WHAT TO PRODUCE: What's needed is an exact copy of the lines from the one that contains "椎间盘退变某些mr征象的再认识" to the end of the data below, leaving the pictures out.

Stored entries
^^^^
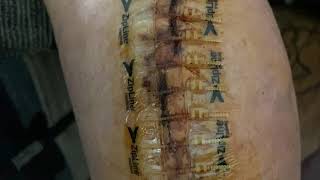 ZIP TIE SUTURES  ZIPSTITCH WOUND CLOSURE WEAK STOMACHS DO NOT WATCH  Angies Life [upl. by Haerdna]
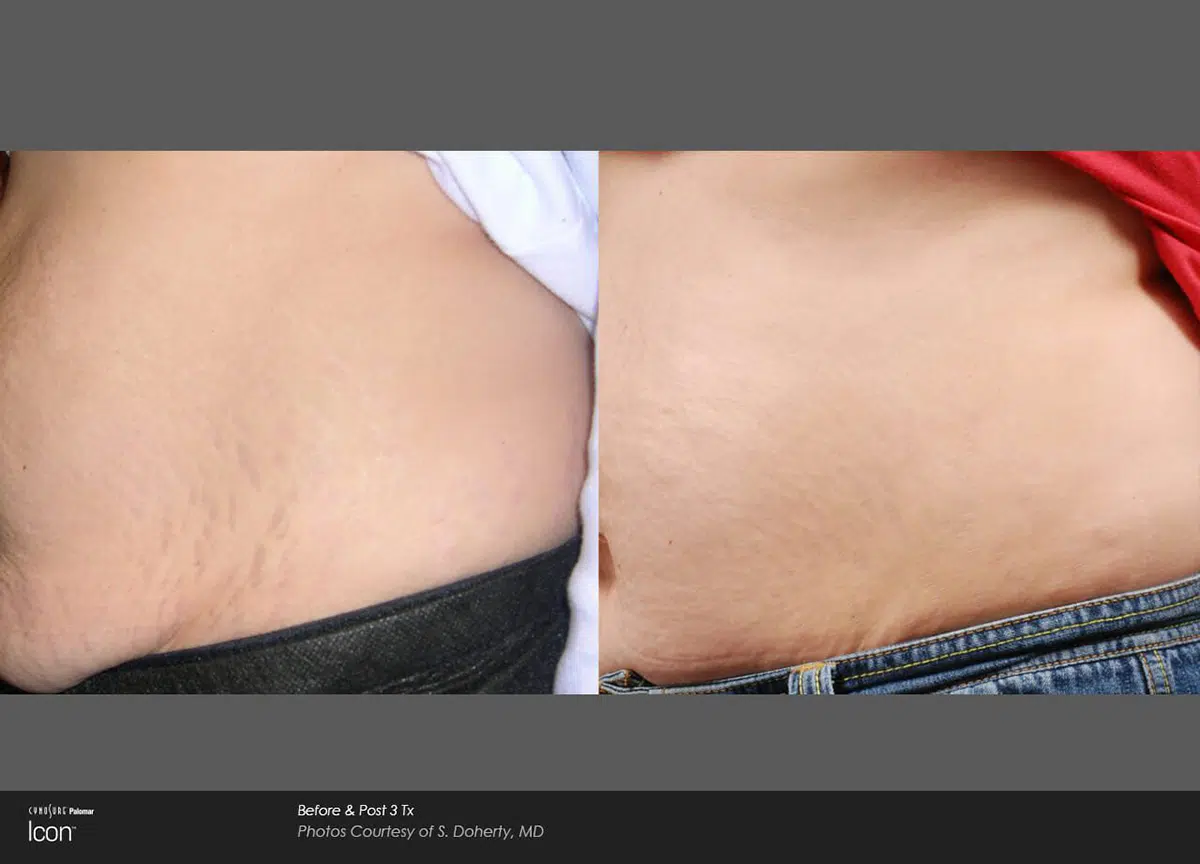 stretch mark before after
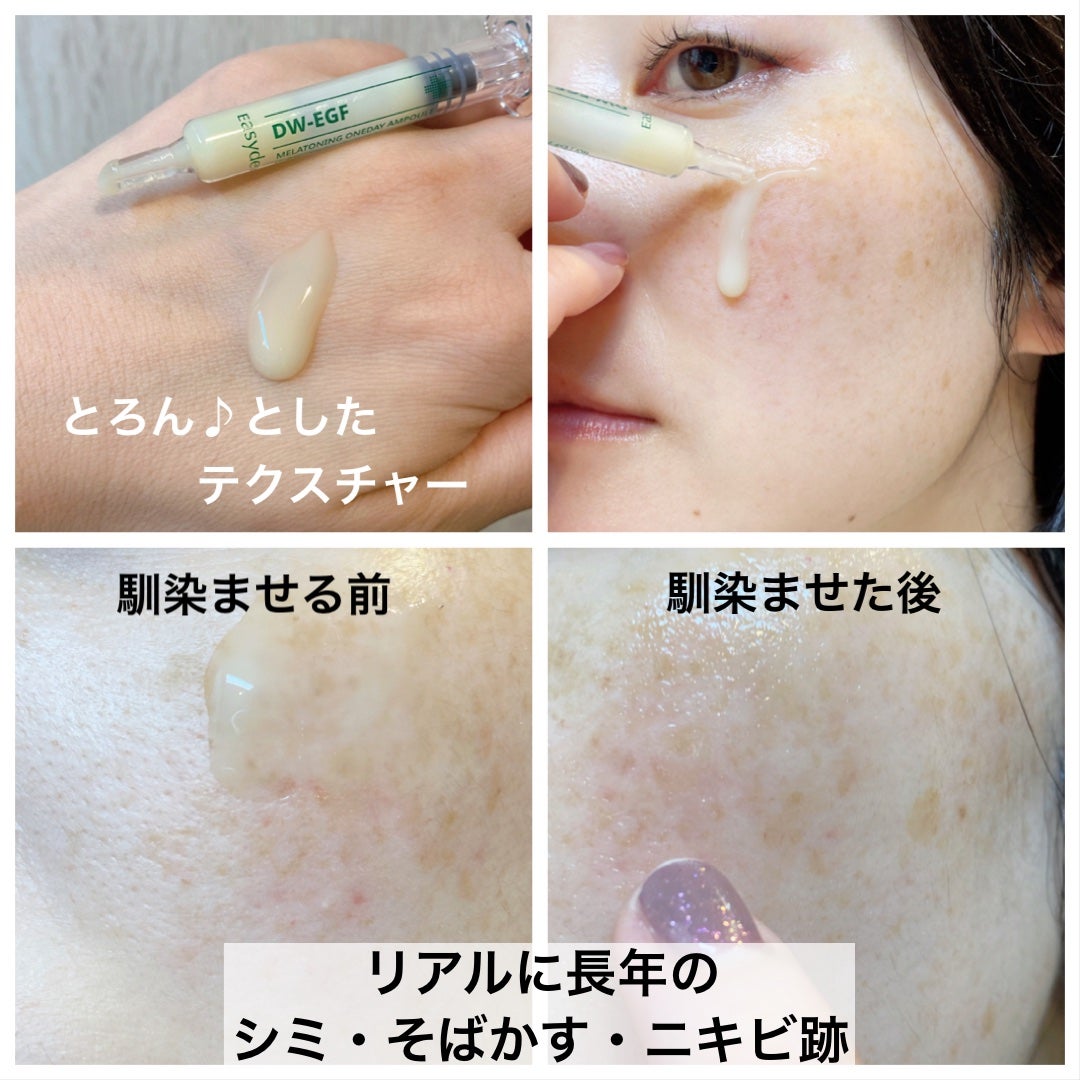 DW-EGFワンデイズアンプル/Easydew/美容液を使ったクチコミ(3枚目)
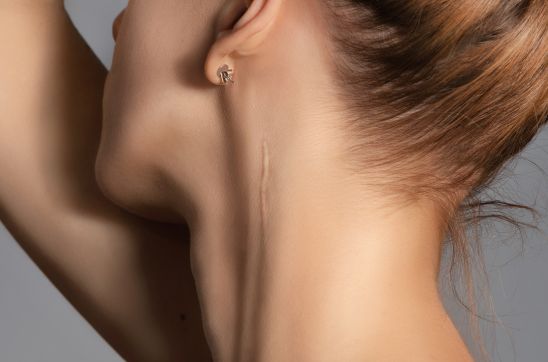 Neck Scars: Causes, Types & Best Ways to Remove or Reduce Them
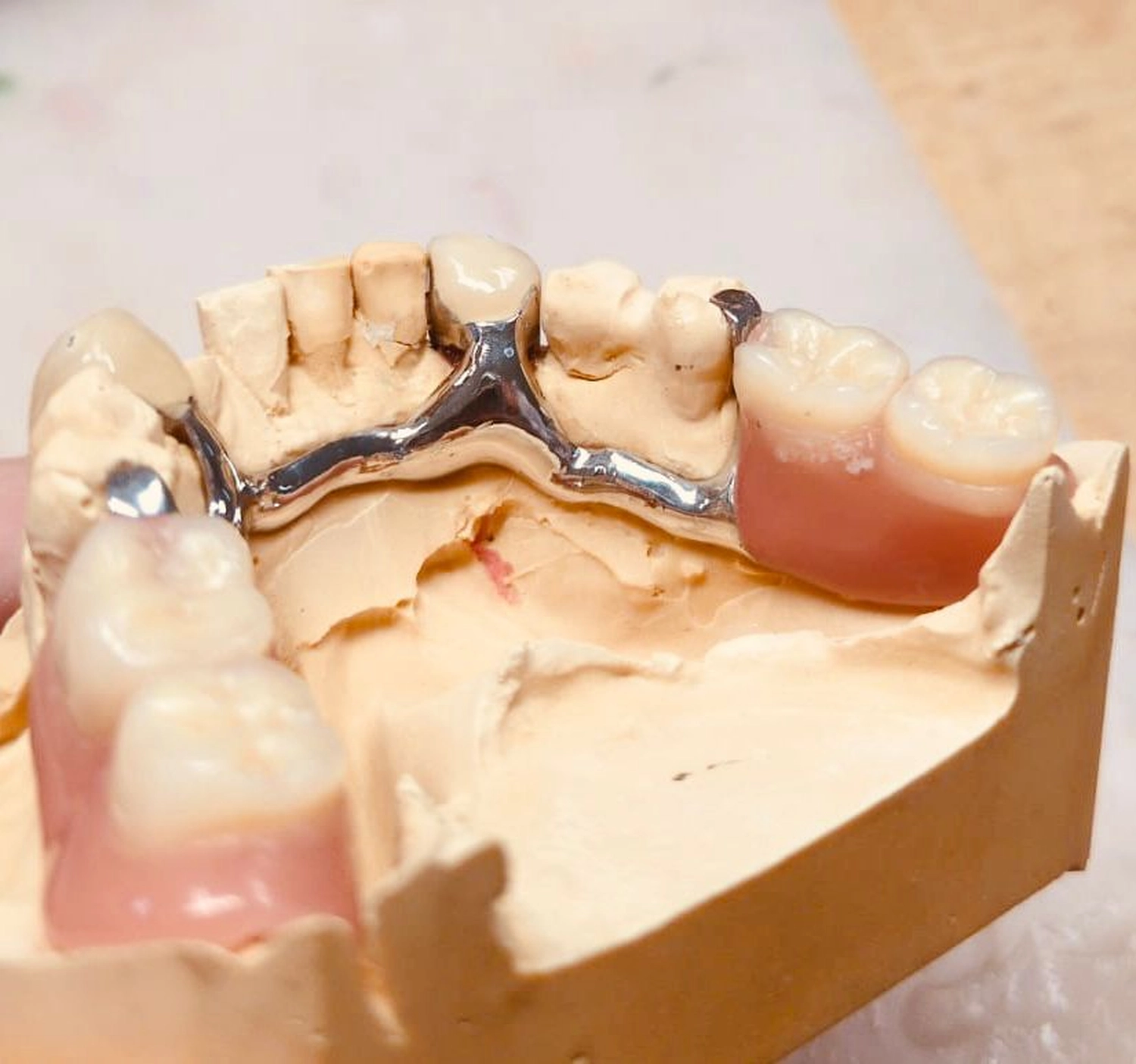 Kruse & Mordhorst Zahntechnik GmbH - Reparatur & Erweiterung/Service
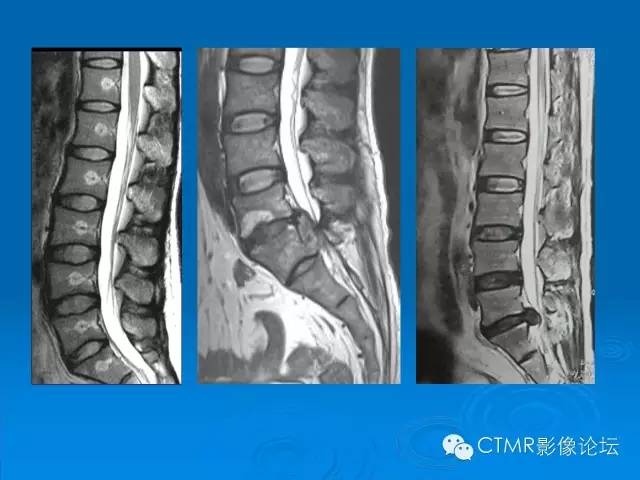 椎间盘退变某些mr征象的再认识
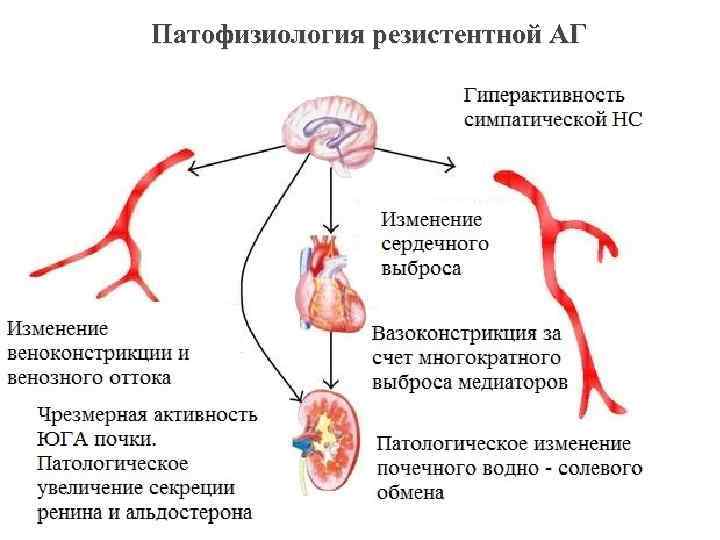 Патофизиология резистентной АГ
^^^^
SOLUTION BELOW:
 椎间盘退变某些mr征象的再认识
 Патофизиология резистентной АГ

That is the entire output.